Deep Learning in the kitchen: development and validation of an action recognition system based on RGB-D sensors

This thesis work is part of a research project between the Laboratory and Cast Alimenti cooking school. Cast Alimenti aims to obtain a product to improve teaching in its classrooms. The idea is to develop a system (hardware and software) that simplifies the process of writing recipes while the teacher performs its lecture in the kitchen. The project aims to translate into written language a recipe performed during the demonstration lessons, allowing also to write in Italian the lessons performed by foreign teachers. This goal has been achieved through the use of an action recognition system.

Action recognition aims to interpret human actions through mathematical algorithms and is based on the identification and tracking of the position of the human body in time. The topic is actively studied in various fields, in fact, by using this technique, devices such as smart bands and cell phones may recognize if a person is stationary, walking or running. Another example is related to security cameras and systems, in which the recognition of actions that may be considered violent or dangerous allow the authorities to intervene quickly when necessary.
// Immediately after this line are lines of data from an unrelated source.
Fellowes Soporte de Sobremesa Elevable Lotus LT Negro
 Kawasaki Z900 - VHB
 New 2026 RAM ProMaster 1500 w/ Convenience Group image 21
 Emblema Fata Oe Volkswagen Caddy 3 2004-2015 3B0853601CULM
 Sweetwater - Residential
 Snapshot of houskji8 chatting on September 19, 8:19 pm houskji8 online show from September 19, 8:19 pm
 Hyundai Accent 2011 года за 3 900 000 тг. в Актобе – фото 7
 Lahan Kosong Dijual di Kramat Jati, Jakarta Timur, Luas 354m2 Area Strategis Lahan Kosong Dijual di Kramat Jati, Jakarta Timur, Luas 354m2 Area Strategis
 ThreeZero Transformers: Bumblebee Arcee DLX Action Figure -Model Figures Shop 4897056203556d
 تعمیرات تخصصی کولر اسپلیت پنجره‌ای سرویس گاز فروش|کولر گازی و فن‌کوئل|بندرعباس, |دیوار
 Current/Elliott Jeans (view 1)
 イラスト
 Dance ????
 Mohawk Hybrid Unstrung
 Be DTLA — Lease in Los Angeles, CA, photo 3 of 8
The project is divided into several phases. First, it is necessary to implement the recognition of the cook’s activity during the practical demonstration and later, based on the recognized actions, it is necessary to automate the writing of the recipe. This thesis work is focused on the first part of the project, in particular on the choice of the mathematical algorithm necessary for the recognition of actions 


For a complete understanding of the difficulties of application of the system under development, it is necessary to contextualize the environment in which it will work. The scenario is that of an open kitchen in which the cook works behind a counter and for most of the time is in the same position and only its upper body is visible (Fig. 1). The cook interacts with the various working tools and food only through the upper limbs and there is no interaction with other subjects. 

The kitchen changes as the recipe progresses, as work tools such as stoves, mixers, pots and pans and other utensils are added and removed as needed. The predominant colors of the scene are white (the cook’s uniform, the wall behind him, the cutting board) and steel (the worktop and equipment). This results in uneven lighting and the creation of reflections and shadows. The presence of machinery and heat sources generates both auditory and visual noises, especially in the infrared spectrum. In the working environment there are also other critical issues such as: the presence of water, steam, temperature changes, substances of various kinds such as oil and acids, as well as chemicals for cleaning. 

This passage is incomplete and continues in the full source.